Ни один непривычный звук не доносится до их слуха, ни одно незнакомое лицо не является им за долгие недели. Но вот из тайников корабля выходит старый, хорошо знакомый призрак, тощий, бледный, с глубоко запавшими глазами, — голод. Голод — их верный спутник в плавании по Тихому океану, жестокосердый мучитель и убийца их старых, испытанных товарищей; значит, он снова украдкой пробрался на борт, ибо вот он стоит здесь среди них, алчный и злобный, и, ехидно ухмыляясь, глядит в их смятенные лица.
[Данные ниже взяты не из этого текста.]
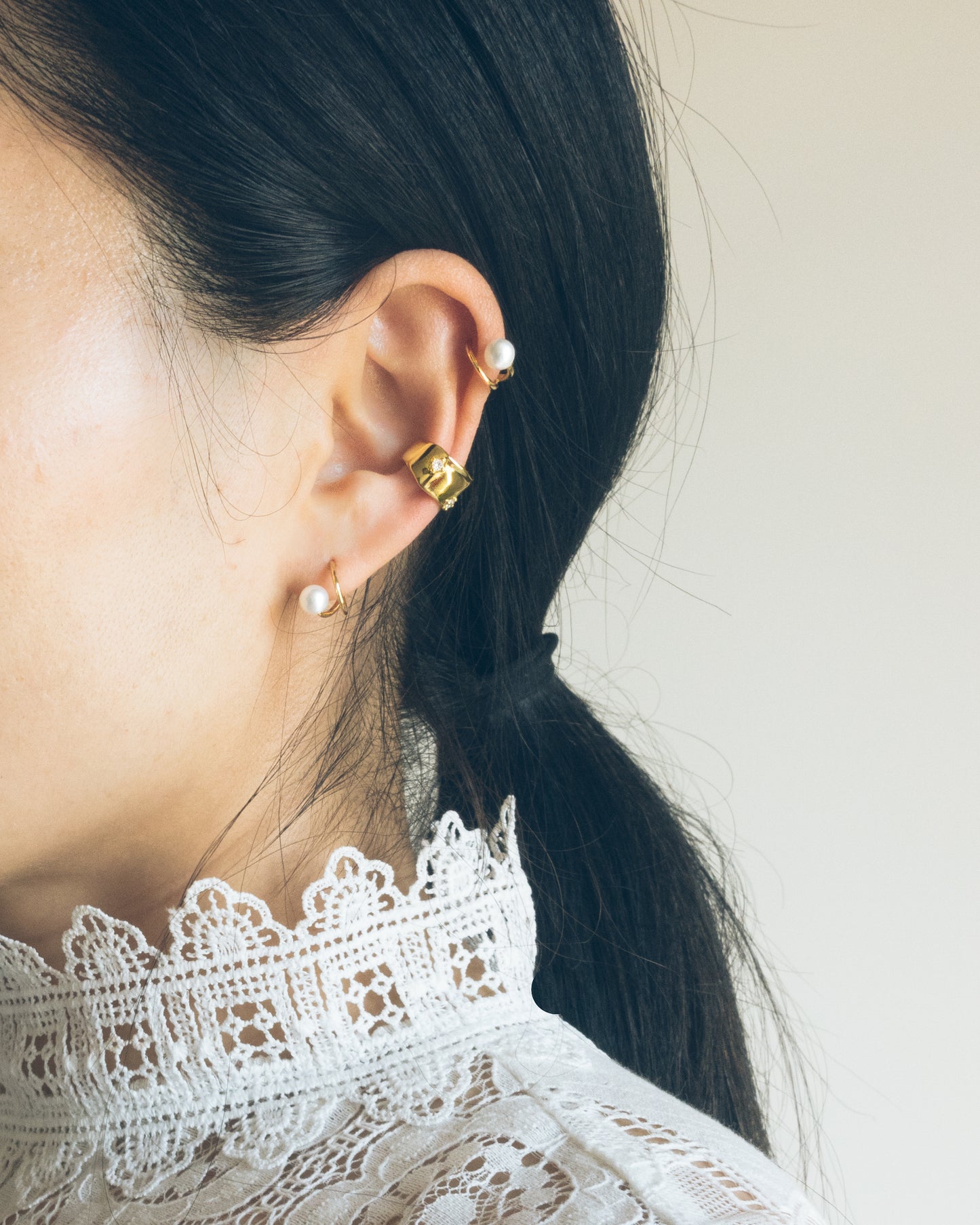 Wide wavy ear cuff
Непредвиденная катастрофа свела на нет все расчеты дель Кано. Правда, его люди погрузили запас продовольствия, главным образом мяса, рассчитанный на пять месяцев, но на Тидоре не оказалось соли, и под палящим зноем индийского солнца недостаточно провяленное мясо начинает гнить. Чтобы спастись от зловония разлагающихся туш, моряки вынуждены весь запас выбросить в море, и теперь пищей им служит один только рис, рис да вода, вода да рис, рис да вода, вода да рис, и с каждой неделей все меньше становится риса и все меньше затхлой воды. Снова появляется цинга, снова начинается мор среди команды. Так велики становятся в начале мая их бедствия, что часть экипажа требует, чтобы капитан взял курс на близлежащий Мозамбик и выдал корабль португальцам, вместо того чтобы продолжать плавание и погибнуть голодной смертью.